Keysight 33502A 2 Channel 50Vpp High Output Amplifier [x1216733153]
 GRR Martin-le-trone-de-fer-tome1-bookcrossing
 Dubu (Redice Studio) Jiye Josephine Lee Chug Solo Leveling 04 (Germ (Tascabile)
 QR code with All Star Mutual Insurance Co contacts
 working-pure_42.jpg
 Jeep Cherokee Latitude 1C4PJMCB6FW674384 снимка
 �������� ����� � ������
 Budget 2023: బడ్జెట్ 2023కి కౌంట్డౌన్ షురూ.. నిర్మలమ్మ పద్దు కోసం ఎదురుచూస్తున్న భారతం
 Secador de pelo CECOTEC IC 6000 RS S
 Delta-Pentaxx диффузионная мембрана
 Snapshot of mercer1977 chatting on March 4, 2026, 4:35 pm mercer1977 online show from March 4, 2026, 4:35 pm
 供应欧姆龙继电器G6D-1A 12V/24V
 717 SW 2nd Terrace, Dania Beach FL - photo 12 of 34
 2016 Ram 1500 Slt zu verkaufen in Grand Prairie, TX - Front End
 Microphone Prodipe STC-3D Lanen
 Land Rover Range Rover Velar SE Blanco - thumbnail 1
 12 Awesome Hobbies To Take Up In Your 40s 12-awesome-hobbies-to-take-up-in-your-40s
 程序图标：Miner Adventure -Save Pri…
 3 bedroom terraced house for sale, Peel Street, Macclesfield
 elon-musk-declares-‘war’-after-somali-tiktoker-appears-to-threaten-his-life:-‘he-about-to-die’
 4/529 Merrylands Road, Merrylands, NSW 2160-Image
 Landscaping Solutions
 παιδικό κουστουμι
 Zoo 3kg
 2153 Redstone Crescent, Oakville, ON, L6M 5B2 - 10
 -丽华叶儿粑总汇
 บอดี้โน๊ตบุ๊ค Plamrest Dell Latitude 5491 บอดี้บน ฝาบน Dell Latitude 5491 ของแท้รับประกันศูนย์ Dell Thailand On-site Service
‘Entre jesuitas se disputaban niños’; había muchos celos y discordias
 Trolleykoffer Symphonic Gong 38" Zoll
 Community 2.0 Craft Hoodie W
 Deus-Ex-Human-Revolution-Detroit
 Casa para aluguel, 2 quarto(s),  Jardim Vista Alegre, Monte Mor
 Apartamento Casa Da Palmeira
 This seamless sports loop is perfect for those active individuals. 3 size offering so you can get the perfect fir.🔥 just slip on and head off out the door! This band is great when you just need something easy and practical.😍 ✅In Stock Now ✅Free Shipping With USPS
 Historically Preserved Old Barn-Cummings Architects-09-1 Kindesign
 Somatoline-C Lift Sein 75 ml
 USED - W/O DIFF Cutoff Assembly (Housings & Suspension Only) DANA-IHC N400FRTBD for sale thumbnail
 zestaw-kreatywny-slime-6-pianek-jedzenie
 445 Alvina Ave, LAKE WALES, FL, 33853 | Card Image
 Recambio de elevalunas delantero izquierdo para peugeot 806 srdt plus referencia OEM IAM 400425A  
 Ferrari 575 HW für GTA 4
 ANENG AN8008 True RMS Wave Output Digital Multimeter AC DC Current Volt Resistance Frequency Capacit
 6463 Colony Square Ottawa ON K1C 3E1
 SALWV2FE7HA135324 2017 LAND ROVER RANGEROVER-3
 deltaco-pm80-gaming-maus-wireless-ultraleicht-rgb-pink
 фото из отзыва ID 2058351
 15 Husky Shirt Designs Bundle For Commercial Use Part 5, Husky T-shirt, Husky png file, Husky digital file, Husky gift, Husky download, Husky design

### Assignment
Respond with one number only: how many lines of the data contain "sale".

### Expected output
2